Powieść zaczyna się od podróży służbowej młodego agenta nieruchomości do Transylwanii, do zamku Dracula, gdzie spotkać się ma z niejakim hrabią Dracula.
Cel?
Sprzedać panu hrabi działkę pod Londynem.
Co jest w tym ciekawego?
Agent odkrywa, że został we wspomnianym zamku uwięziony, a hrabia nie wydaje się być zwykłym człowiekiem. Już od tych pierwszych rozdziałów spodobały mi się opisy Brama Stokera. Były barwne i pobudzały moją wyobraźnię do tworzenia porywających obrazów rodem z komiksów. Jednakże takie, długie i (moim zdaniem) wspaniałe opisy nie są częste; mogę wymienić zaledwie 3. Taka mała liczba (książka liczy sobie 359 stron, wydanie wydawnictwa Zielona Sowa z 2005) zapamiętanych przeze mnie opisów wynika z faktu, że po prostu nie było ich tak dużo.
Historię Draculi poznajemy poprzez listy, notatki i wpisy do dzienników - przez to często mierzymy się ze zdawkowymi, niepełnymi opisami. Dla mnie nie było to problemem, ale wierzę, że niektórych może odrzucić taki zapis. Osobiście jednak uważam, że przez ten brak licznych rozbudowanych opisów (nie liczyłem ich, mówię to co pamiętam) autor dobrze, realistycznie oddał sposób zapisywania notatek w dziennikach - ich autorzy przelotnie opisują wydarzenia (ich zdaniem) nieistotne skupiając się tylko na tych ważnych.

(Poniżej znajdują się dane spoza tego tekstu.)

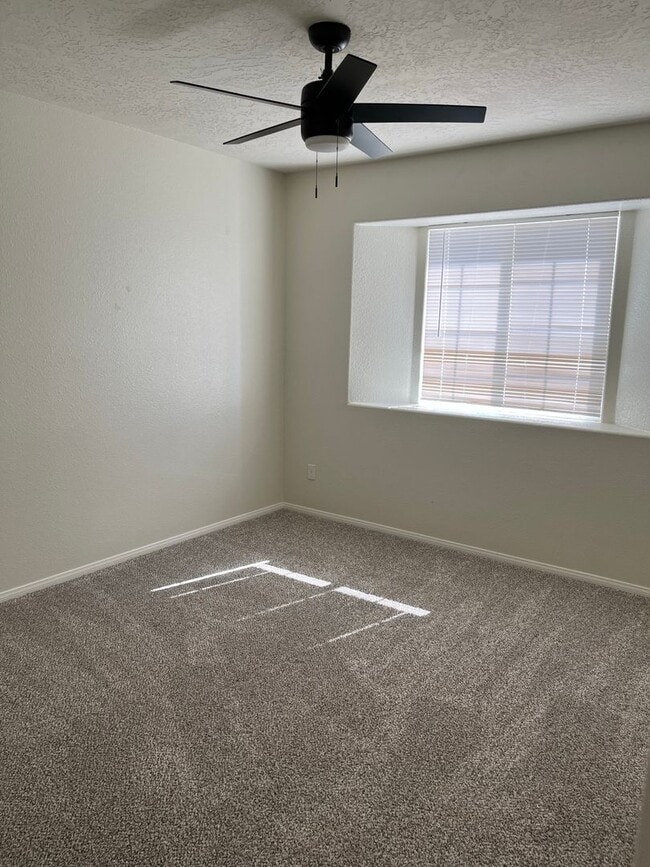 Building Photo - 3 Bedroom 2 Bathroom Available now!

Jeżeli mowa o dobrym, godnym pochwały aspekcie książki - nie są nim bohaterowie. Uważam ich za nudnych, a momentami wręcz nieprzyjemnych. Dwie kobiece bohaterki przez większość czasu, zamiast pomagać innym bohaterom, popychać fabułę do przodu ubolewają nad swoją sytuacją albo piszą o tym jak bardzo kochają swoich mężów/narzeczonych/przyjaciół. Poza tym nie mają żadnych cech charakteru. Nic. Praktycznie to samo tyczy się męskich bohaterów - są odważni, szlachetni, poświęcą swoje życie za kobiety, które cenią. Zamieni się ich imiona i nic się nie zmienia. (da się to przecierpieć, gdy się o tym nie myśli).
Przez to nie związałem się z bohaterami i do ostatniego rozdziału podchodziłem z mieszanymi uczuciami - z jednej strony byłem ciekaw jak potoczą się losy Draculi, Dr Van Helsinga i innych bohaterów, a z drugiej czułem obojętność. (Zakończenie podobało mi się, acz ja inaczej bym je opisał - bardziej szczegółowo, tak aby pewne segmenty bardziej wybrzmiały).

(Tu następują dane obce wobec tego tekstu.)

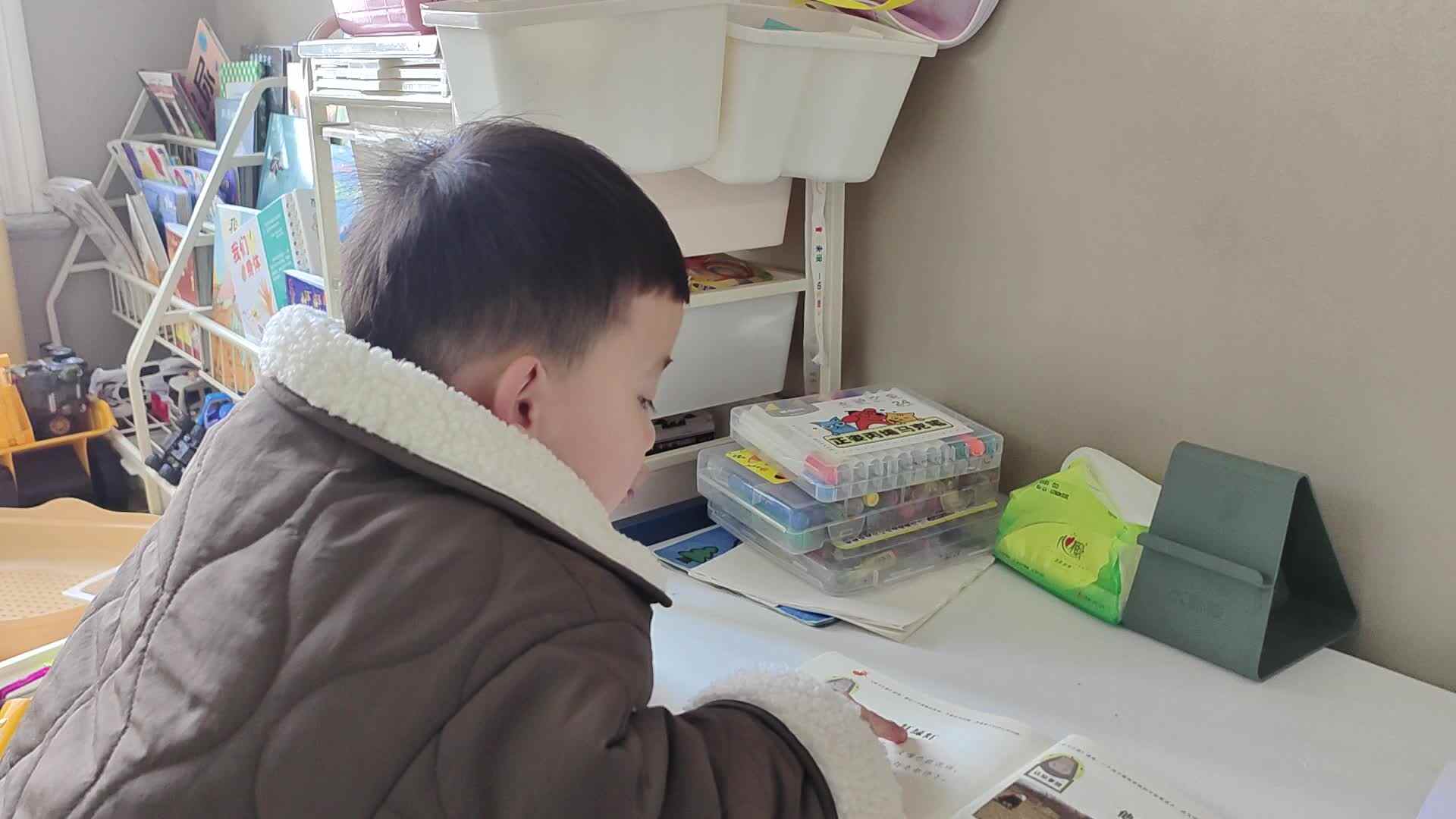 2024.12.15中A班李楷延——指读《红绿灯》.mp4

Chciałem jeszcze napisać, że książkę czytało mi się szybko - nie że dosłownie, przeczytanie jednego rozdziału zwykle trwało jakieś 30-40 minut (najpewniej po prostu czytam powoli, nie jestem pewien), jednakże ja nie odczuwałem tego upływu czasu - w szczególności w późniejszej części historii; kiedy ta się rozkręciła, czas przy lekturze mijał mi szybko. Jedynie nie znosiłem czytać przemówień/dłuższych wypowiedzi dr Van Helsinga – używa on bardzo dziwnej i moim zdaniem nieprzyjemnej składni: orzeczenie wyrzuca na koniec zdania. Nie znosiłem czytać tego, co mówił, mimo że mnie to ciekawiło.
W skrócie: powieść interesująca jako ciekawostka historyczna (teraz mogę mówić z dumą, że przeczytałem oryginalnego "Draculę") i nawet przyjemna lektura na parę wiosennych wieczorów, ale nie uważam tej za książkę wybitną. Dobrą, taką 6-7/10??? Nie jestem pewien.